The West is discovering it right now. Young chefs are re-imagining chaat. I was lucky enough to taste Garima Arora’s (Michelin starred-chef of Gaa in Bangkok and former MasterChef India judge) menu at the Melbourne Food & Wine Festival. She served a chaat-inspired dish with a little disc of chilled beetroot jam or gel over the top of what was chaat. So, there was sev, curd and chutney. So, yeah underrated!
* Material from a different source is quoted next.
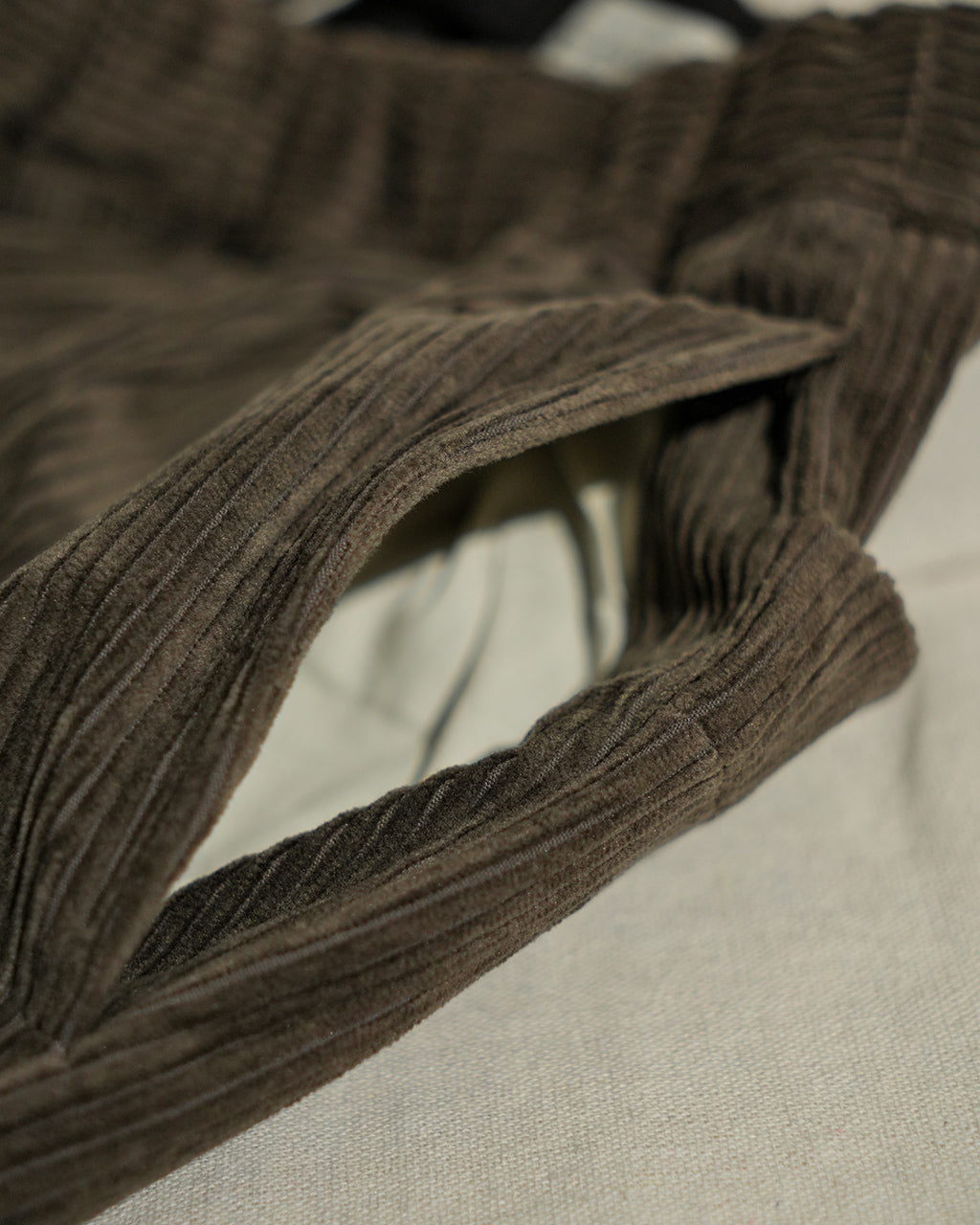 Corduroy easy pants PT03253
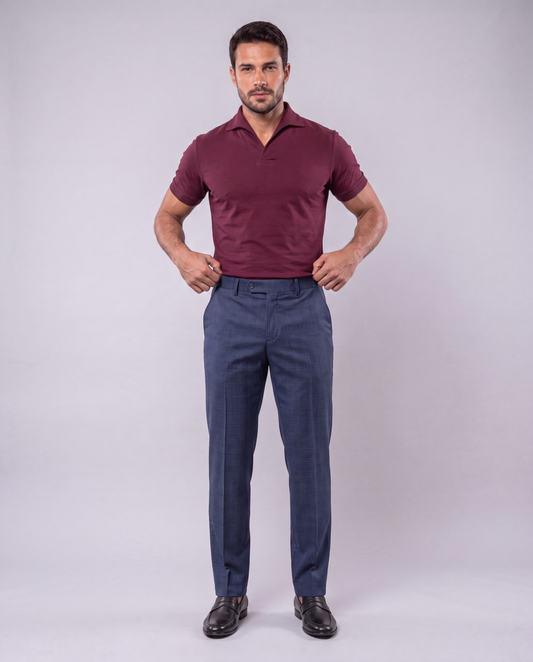 Calça de Alfaiataria com Ajustador Lateral de Fivela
7. A dish from Bangalore that has a special place in your heart?

Ghee Roast Dosa.

I had it in Rameshwaram. There’s a lot of ghee in it. Maybe too much ghee. (Imitates the cooks pouring ghee on the dosas)

But yeah, it’s pretty damn good!

8. Your ultimate comfort food?

Roast Chicken

9. Which dish comes to your mind when I say the following?

-Matt Preston

Laksa, Pork Belly, Fried Chicken

-George Calombaris

Anything with Tarama (Greek dip made with fish roe)

-Gary Mehigan

Pepper Fry because it’s spicy and I can wash it down with chilled beer.

10. A single line of advice for budding chefs?

Make sure you love what you do. If you love what you do, you’ll never work a day in your life.

And that’s our takeaway from our beloved food-obsessed traveller and biker, Gary Mehigan!